The Hollanders at Pella were particularly anxious to win the capital of the State for their town. Henry P. Scholte, one of the leaders in the colony, offered to donate land sufficient for a site. The committee on federal relations, to which his memorial was referred, reported in the following reassuring words: "We are of the opinion, that the petitioner has no reason to fear that Pella will be overlooked or in anywise neglected, whenever the legislature may deem it necessary to relocate the seat of government, from the fact that a majority of the citizens of that place were from Holland, we make no distinction between our own native citizens and those of any foreign country".43
p80 Two bills — one locating the permanent capital at Fort Des Moines and the other at Pella — were introduced in the House of Representatives during the Third General Assembly in 1850‑1851. They were referred to a select committee which reported as follows:
The select committee to whom was referred H. R. file No. 128, a bill for "an act to locate the seat of government of the state of Iowa at Fort Des Moines;" and H. R. file No. 161, a bill for "an act to provide for the location of the permanent seat of government of the state of Iowa at Pella," together with sundry petitions upon the same subject, report that they find that Fort Des Moines has a majority of the petitioners in its favor for the future seat of government over all other places petitioned for.
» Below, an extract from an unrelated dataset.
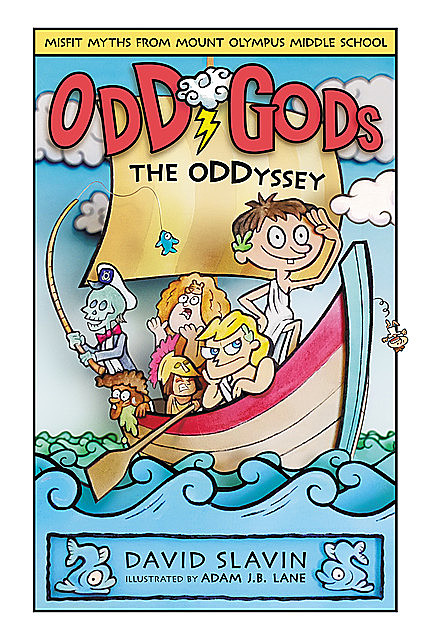 Odd Gods: The Oddyssey, David Slavin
Your committee taking into consideration the probable increase of population in the western portion of the state, are of opinion that the seat of government cannot in justice to that portion of the state remain but a few years at Iowa City.
Your committee entertain no doubt that when the seat of government is removed that it will be re-located at the town of Fort Des Moines.
Your committee are of opinion that the time for said removal as fixed in H. R. file No. 128 is just and equitable, and that the seat of government ought to be removed at that time.
Your committee therefore recommend the passage of H. R. file No. 128, and that H. R. file No. 161 be indefinitely postponed.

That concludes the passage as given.